THE PROBLEM: The reply should reproduce every line of the data below word for word, minus any images.

INFORMATION SUPPLIED:
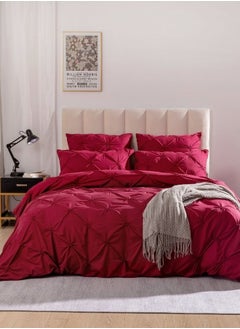 Buy Premium 6 Piece King Size Duvet Cover Pinch Rose Design, Solid Berry Red. in UAE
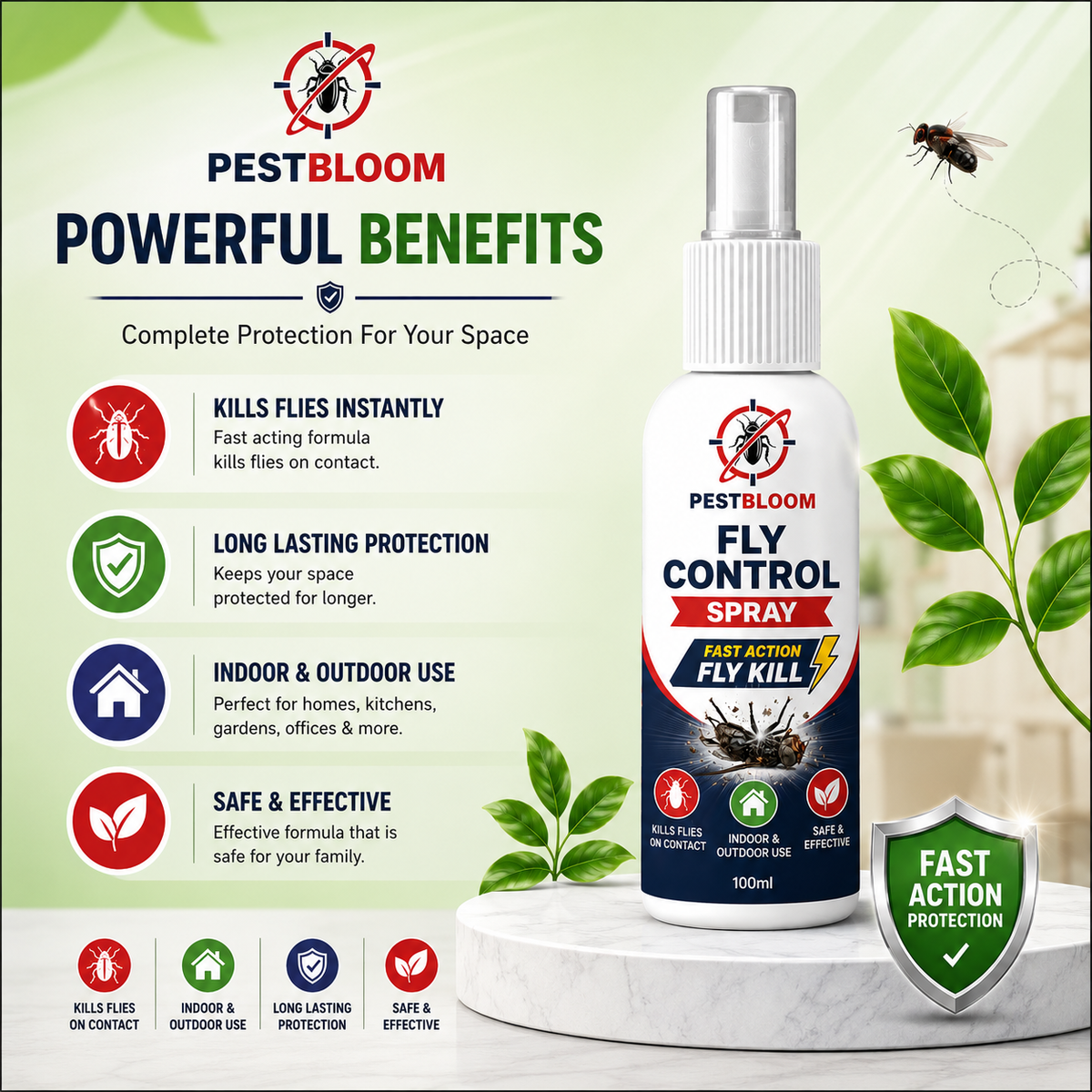 PESTBLOOM Fly Control Spray – Fast Action Fly Killer | 100ml ( Pack Off 2🔥)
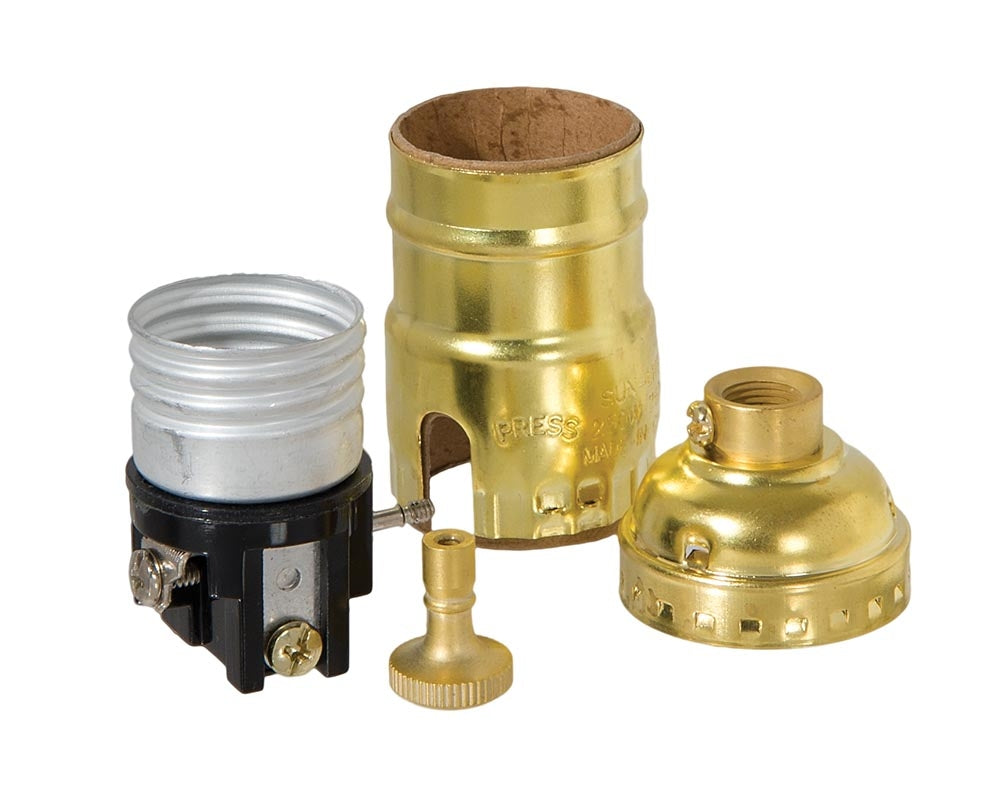 No UNO Thread Unfinished Brass Turn Knob Style Lamp Socket, E-26 Size, Choice of Turn Knob Interior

RESPONSE TO THE TASK:
 Buy Premium 6 Piece King Size Duvet Cover Pinch Rose Design, Solid Berry Red. in UAE
 PESTBLOOM Fly Control Spray – Fast Action Fly Killer | 100ml ( Pack Off 2🔥)
 No UNO Thread Unfinished Brass Turn Knob Style Lamp Socket, E-26 Size, Choice of Turn Knob Interior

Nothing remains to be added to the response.